Short web captions:
┄┄┄┄┄┄┄┄┄┄
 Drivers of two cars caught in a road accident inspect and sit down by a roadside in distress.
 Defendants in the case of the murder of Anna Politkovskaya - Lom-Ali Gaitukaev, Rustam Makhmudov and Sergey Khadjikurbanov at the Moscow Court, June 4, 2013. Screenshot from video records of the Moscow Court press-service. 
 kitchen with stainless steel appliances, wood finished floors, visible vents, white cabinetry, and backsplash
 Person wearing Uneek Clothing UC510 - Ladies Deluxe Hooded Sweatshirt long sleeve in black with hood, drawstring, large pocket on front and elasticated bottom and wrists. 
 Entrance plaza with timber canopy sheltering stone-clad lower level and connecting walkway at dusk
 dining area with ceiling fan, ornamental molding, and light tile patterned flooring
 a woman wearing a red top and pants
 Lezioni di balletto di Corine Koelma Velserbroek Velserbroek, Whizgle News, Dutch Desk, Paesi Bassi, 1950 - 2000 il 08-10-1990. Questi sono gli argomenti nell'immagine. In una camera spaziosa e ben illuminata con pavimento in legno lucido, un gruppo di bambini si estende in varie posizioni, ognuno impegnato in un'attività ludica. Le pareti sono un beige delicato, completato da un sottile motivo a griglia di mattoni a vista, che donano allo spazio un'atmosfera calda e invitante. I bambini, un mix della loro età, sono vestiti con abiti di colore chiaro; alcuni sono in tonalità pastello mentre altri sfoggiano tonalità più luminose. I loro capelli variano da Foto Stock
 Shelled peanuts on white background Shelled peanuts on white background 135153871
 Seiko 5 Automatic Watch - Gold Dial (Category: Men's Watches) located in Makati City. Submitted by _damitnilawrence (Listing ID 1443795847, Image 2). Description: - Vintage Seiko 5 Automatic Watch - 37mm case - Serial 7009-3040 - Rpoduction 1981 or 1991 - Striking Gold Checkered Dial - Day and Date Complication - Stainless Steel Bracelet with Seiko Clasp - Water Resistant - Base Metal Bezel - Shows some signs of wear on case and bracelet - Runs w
┄┄┄┄┄┄┄┄┄┄
§ HOW TO COMPLETE THIS TASK: The response must consist solely of the lines from the first line of the entries through the line containing "a woman wearing a red top and pants", repeated exactly.

§ RESPONSE AREA:
 Drivers of two cars caught in a road accident inspect and sit down by a roadside in distress.
 Defendants in the case of the murder of Anna Politkovskaya - Lom-Ali Gaitukaev, Rustam Makhmudov and Sergey Khadjikurbanov at the Moscow Court, June 4, 2013. Screenshot from video records of the Moscow Court press-service. 
 kitchen with stainless steel appliances, wood finished floors, visible vents, white cabinetry, and backsplash
 Person wearing Uneek Clothing UC510 - Ladies Deluxe Hooded Sweatshirt long sleeve in black with hood, drawstring, large pocket on front and elasticated bottom and wrists. 
 Entrance plaza with timber canopy sheltering stone-clad lower level and connecting walkway at dusk
 dining area with ceiling fan, ornamental molding, and light tile patterned flooring
 a woman wearing a red top and pants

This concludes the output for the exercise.